A forma principal de protesto é a greve. Estas são sucessivas nos campos do Sul entre 1943 e 1962, ano após ano, sobretudo na altura das ceifas, ressaltando-se as importantes greves de 1944-1947 e 1952-1954 (morte de Catarina Eufémia) e a greve geral em maio de 1962, que conquista as 8 horas de trabalho em várias zonas. As greves incluem a formação de piquetes e de comissões que percorrem o território a mobilizar outros para a luta. Tudo isto ocorre num ambiente de violência de Estado que acarreta o risco de espancamento, prisão e até a morte.

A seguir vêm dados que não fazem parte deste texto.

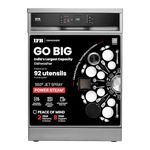 IFB 15 Place Settings with DeepClean® Technology Freestanding Dishwasher (Neptune VX15, Dark Silver, 70° Hot Water Wash with Hygienic Steam Drying, Perfect for Indian Utensils)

O êxodo rural e a introdução do modelo químico-mecânico no final de 1950 alteram as condições sociais nos campos e os/as trabalhadores/as adotam um caderno reivindicativo de Contrato Coletivo de Trabalho (CCT) que inclui: garantia de trabalho; salário mínimo; semana de 6 dias e dias de 8 horas; redução do fosso salarial entre homens e mulheres, de metade para cerca de 70%. O decréscimo das mobilizações após 1962 não altera a forma de protesto: greves, concentrações, manifestações, romarias, homenagens, abaixo-assinados e exposições ao Governo. Estes protestos contam com o envolvimento massivo de mulheres e devem ser sequenciados como património de lutas que preparam a Revolução.

O PCP tem importância nas mobilizações nos campos, mas as lutas são protagonizadas por muitas outras mulheres que não eram militantes. As lutas são uma constante e elas reúnem, avaliam e decidem, elas fazem grupo de pressão sobre outras mulheres, elas são solidárias com eles e entre si, e elas também protestam na rua e enfrentam a dura repressão.

Entre 1950 e abril de 1974, encontramos 127 registos da presença das mulheres rurais, sobretudo em lutas protagonizadas por elas ou em conjunto com os homens, a maioria na década de 1950 (65%). Os distritos de Beja (31%), Santarém (24%) e Évora (17%), seguidos por Setúbal (11%) e Portalegre (10%), são os grandes palcos das lutas delas. Em Beja, destacam-se Pias, Vale de Vargo e Baleizão; em Santarém, Alpiarça e Couço; em Évora, Montemor-o-Novo; em Setúbal, Grândola e Alcácer do Sal; e em Portalegre, Benavila e Avis.

A organização destas mulheres contra a violência e a repressão, a sua participação em manifestações e concentrações, a sua intervenção na “praça de jorna”, no rancho ou na greve, são exemplos que contrariam a sua imagem de subalternidade.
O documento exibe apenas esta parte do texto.